If a corporation has a predisposition to reputational crisis, does it mean that whatever move it makes all investments in reputation building will fall short? No, it is not so. Regardless of how complex this issue appears to be at first sight there are still solutions for it because it is not the first time this has occurred in the world of commerce. There is a well-trodden road or a tried and tested way of overcoming this in order to improve business results. It’s a matter of knowing what measures to take before and after. It’s also about communications professionals being able to reduce complexity to the minimum.
“No matter how complex this issue appears to be there are still solutions for it because it is not the first time this has occurred.”

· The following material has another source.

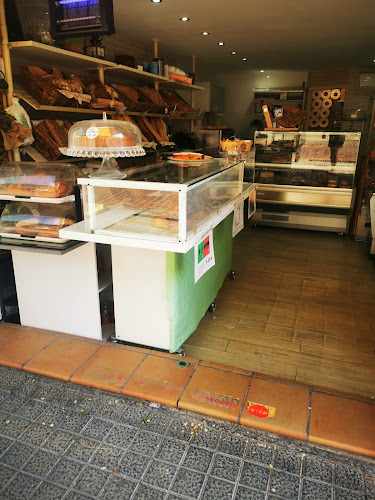 Fotografia tomada fuera de Pastelería La Guita - Panadería en Peguera, Baleares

In some cases, the predisposition is not even of the corporation itself but in the industry the corporation belongs to. Take the banking industry as an example. How many industries do you know that are described with terms such as ‘cartel’, ‘led to the global economic recession’ or ‘shadow system’ in legitimate academic textbooks? Despite efforts to manage reputation during the post-recession period, banks began seeing their reputation again in 2018 after five years.2 In any case, the priority should be in being pro-active rather than reactive. Amateurs tend not to do their homework and in turbulent times tend to react, if not overreact to almost every little thing, while responsible professionals prepare and, when the time is right, respond.
“The returns on investment will increase if all communication that affects reputation is crafted in the way that it appeals not only to customers but also to the other stakeholders.”
Returns on investment will increase if all communication that affects reputation is crafted in a way that appeals not only to customers, but also to company stakeholders (i.e. employees, shareholders, partners etc.). It is important to remember that corporate reputation gains and retains strength only when cared for holistically. In other words, along with the corporate communications department, all other departments including HR, IT, the board of directors and the C-Suite need to take responsibility for all possible reputational realities. Examples of best practice are common within the cultures of many luxury brands. In fact, a study in the UK revealed that almost half of the top ten brands with high reputation were from the luxury industry.3
Overcoming reputational crisis may require taking risk to build trust. This indicates that decision-makers there to prevent or solve the problems need to adopt lateral thinking. If it is not a common reputational reality then it requires uncommon sense. Integrity in this context is about making the right decision to take the right step, which can be an unpopular one. ROI here stands for Return On Integrity.